Ministre des affaires étrangères de 1978 à 1981, sous la présidence de Valéry Giscard d’Estaing, Jean François-Poncet est depuis 1983 sénateur de Lot-et-Garonne et vice-président de la commission des affaires étrangères, de la défense et des forces armées du Sénat. Le 22 septembre 2008, cette commission a mandaté deux de ses membres, Jean François-Poncet et Monique Cerisier-ben Guiga, sénatrice socialiste, pour effectuer une mission d’information au Moyen-Orient.

Entre octobre 2008 et juin 2009, au cours de plusieurs déplacements, les deux rapporteurs se sont rendus dans les quinze pays du Moyen-Orient, à l’exception du Sultanat d’Oman et de l’Iran : Arabie Saoudite, Yémen, Abu Dhabi, Dubaï, Qatar, Syrie, Liban, Israël, Palestine, Égypte, Irak, Jordanie, Bahreïn, Koweït. Ils se sont aussi rendus en Turquie, à Washington et à New York ainsi qu’à Bruxelles et ont procédé à Paris à l’audition de 40 spécialistes du Moyen-Orient.

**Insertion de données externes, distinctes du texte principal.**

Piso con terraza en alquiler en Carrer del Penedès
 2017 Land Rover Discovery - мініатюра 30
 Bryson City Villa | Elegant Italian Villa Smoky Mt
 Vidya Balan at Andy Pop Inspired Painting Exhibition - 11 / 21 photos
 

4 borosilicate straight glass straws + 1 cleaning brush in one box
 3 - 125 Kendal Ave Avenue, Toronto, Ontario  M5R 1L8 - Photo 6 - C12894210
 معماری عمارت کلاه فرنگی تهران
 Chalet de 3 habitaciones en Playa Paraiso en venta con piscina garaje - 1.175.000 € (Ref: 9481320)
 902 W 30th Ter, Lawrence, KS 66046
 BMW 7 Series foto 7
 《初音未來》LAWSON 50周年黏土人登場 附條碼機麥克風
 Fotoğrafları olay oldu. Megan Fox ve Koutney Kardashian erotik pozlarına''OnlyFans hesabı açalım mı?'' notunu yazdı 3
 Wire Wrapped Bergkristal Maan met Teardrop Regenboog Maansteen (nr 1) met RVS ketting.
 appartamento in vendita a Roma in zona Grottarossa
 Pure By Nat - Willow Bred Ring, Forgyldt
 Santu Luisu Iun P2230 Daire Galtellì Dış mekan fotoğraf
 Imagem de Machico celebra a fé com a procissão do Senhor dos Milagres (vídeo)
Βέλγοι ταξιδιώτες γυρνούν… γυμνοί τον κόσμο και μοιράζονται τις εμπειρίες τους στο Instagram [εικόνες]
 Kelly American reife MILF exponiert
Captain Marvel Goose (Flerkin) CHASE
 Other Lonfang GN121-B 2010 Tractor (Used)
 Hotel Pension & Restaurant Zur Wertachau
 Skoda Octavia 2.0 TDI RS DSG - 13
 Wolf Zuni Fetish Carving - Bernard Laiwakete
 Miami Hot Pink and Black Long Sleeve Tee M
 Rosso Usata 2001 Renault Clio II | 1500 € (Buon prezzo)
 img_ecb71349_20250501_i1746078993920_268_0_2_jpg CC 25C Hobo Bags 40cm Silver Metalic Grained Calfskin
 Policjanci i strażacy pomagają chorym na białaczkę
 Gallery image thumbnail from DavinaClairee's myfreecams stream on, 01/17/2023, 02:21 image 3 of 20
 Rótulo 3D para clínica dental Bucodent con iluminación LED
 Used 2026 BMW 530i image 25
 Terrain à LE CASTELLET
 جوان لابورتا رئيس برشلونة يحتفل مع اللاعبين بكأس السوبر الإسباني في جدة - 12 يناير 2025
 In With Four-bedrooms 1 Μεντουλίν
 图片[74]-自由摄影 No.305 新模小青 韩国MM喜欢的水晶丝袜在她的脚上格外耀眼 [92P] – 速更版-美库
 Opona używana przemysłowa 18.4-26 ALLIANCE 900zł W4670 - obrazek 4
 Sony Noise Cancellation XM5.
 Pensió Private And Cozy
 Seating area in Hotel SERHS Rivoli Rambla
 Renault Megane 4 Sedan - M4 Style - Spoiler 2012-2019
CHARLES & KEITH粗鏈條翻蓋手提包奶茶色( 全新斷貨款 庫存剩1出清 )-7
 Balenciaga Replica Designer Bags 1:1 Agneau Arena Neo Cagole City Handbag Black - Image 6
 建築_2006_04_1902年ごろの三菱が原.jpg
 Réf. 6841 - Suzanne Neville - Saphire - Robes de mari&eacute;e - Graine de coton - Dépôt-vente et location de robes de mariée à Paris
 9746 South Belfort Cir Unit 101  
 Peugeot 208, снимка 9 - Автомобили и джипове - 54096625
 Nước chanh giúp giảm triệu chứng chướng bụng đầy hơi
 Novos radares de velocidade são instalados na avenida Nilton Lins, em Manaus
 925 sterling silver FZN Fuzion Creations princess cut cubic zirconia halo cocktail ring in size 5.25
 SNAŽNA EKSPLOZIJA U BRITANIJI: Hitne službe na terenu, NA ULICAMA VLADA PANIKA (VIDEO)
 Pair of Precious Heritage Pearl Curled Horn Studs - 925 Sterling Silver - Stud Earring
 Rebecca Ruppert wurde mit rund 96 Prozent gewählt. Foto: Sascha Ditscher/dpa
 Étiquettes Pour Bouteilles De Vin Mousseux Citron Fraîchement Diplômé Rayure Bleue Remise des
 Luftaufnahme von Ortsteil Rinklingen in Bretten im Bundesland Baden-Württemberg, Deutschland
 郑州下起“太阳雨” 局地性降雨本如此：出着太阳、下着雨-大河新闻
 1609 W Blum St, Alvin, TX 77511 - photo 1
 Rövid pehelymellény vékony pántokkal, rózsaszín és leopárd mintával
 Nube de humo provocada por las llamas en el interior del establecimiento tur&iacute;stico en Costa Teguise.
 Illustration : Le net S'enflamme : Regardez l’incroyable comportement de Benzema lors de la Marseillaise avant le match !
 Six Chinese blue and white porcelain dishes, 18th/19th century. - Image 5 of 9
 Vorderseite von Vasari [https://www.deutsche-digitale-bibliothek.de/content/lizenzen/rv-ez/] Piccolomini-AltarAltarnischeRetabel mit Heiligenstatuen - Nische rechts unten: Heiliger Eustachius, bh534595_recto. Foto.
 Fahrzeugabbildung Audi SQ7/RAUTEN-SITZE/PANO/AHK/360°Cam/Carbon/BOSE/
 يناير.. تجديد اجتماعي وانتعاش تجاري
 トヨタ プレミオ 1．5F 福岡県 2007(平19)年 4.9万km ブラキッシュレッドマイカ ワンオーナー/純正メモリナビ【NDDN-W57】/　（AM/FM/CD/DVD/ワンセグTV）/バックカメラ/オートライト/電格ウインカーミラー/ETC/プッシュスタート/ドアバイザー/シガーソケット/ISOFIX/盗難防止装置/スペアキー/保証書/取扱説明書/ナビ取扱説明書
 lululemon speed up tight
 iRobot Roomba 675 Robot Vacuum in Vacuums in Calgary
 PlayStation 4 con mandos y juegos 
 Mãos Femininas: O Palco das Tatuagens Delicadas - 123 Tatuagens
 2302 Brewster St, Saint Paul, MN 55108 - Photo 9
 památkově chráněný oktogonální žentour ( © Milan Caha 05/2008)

Ce rapport a été adopté par la commission et a servi de base à un débat en séance publique au Sénat, le 12 janvier 2010.

Cette réflexion s’est prolongée par un colloque consacré au Moyen-Orient organisé au Sénat, les 28 et 29 janvier 2010. En ouverture, Gérard Larcher, Président du Sénat, a souligné la qualité tout à fait exceptionnelle de ce rapport d’information, toujours d’actualité et a rappelé le caractère souvent éprouvant de ces voyages, en particulier à Gaza en janvier 2009, dix jours après la fin de l’opération « Plomb durci » ou à Bagdad.

L’objectif de ce rapport, rappelle Jean François-Poncet, était de dresser une synthèse d’une région très diverse, complexe, en évolution constante et dont la situation a des répercussions très directes sur notre pays.

Quels sont les caractères communs aux pays du Moyen-Orient ?

Le premier facteur commun est la transition démographique que connaissent actuellement ces pays. Elle est le signe d’un bouleversement profond des équilibres traditionnels. La natalité a baissé de façon considérable au Moyen-Orient, par exemple en Iran où elle est identique à celle de la France. Autre point commun, la sensibilité au conflit israélo-palestinien. Ce problème est au cœur des préoccupations politiques de tous les pays de la région et il est dans une impasse, constate Jean François-Poncet. C’est un véritable défi. Comment assurer l’avenir du peuple palestinien sans compromettre l’existence d’Israël ?

Créer l’État palestinien

Le Sénateur rappelle que la résolution de ce conflit a connu une progression avec la définition d’une solution à laquelle toutes les parties souscrivent, celle des deux États, avec la création d’un État palestinien indépendant vivant côte à côte avec l’État d’Israël.

Sous l’égide du Président Clinton, les paramètres de ce que pourrait être un accord ont été définis et les frontières ont été délimitées. Concernant les colonies de peuplement en Cisjordanie, le statut de Jérusalem, la question des réfugiés, des solutions ont été élaborées et ont fait l’objet de longues négociations.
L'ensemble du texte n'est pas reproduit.